Its local unit, DHC Korea, announced the move on its website Wednesday.
“Operations of the DHC Korea shopping mall will shut down as of 2 p.m. on Sept. 15,” the statement on the website said. “Rewards points can be only used until 2 p.m. on Sept. 15.”
The company said it “tried to satisfy consumers with good products and services, but is regretfully closing.”
The announcement was made two years after Koreans started informally boycotting Japanese products in July 2019 after Japan imposed tighter restrictions on exports to Korea of three key materials essential to making semiconductors and displays.
DHC was targeted in particular after DHC TV, its beauty TV channel, broadcast a series of offensive remarks made by panelists about Koreans.

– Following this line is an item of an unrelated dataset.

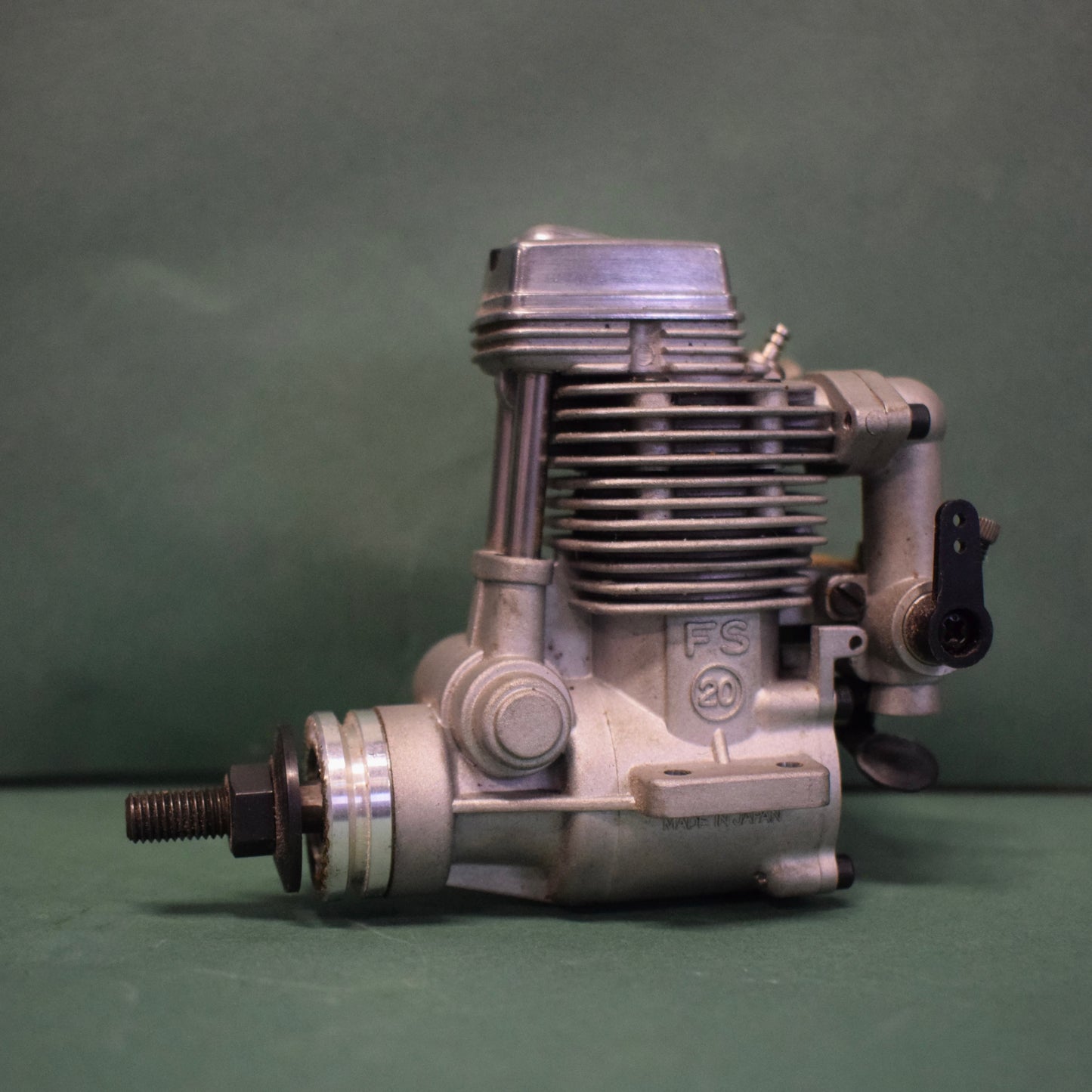 O.S. FS-20 Model Airplane Engine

They said Koreans are forgetful by nature and described the boycott of Japanese products as a “childish act.”
The panelists also claimed that hangul was standardized by Japan and denounced Korean artwork depicting women forced into sexual slavery by the Imperial Japanese Army during World War II.
It was found that the chairman said in 2016 that ethnic Koreans living in Japan should “go back to their home country.”
The chairman continued to make discriminatory comments.
He used a racial slur to describe ethnic Korean residents in Japan in a post issued in November on the company's website to claim that DHC's supplements were superior to those by rival companies, according to a report from the Asahi Shimbun.
DHC Korea apologized for the statements made on DHC TV in 2019, saying that the Korean unit does not agree with the remarks.
The company’s products were pulled from major health and beauty store franchises, including Olive Young and Lalavla, in August 2019.
DHC Korea started business in Korea in April 2002.
It made a name for itself with a deep cleansing oil.
DHC Korea’s annual sales are estimated to have hit around 10 billion won ($8.5 million) in its peak years, according to local media reports.
Other Japanese companies that suffered from the informal boycott include Shu Uemura, a beauty brand of L’Oreal Group that was established by a Japanese makeup artist.
Shu Uemura announced in March it would exit the country after 16 years.
The Korean unit of Sapporo’s Royce’ Chocolate shuttered its operations in Korea in March last year.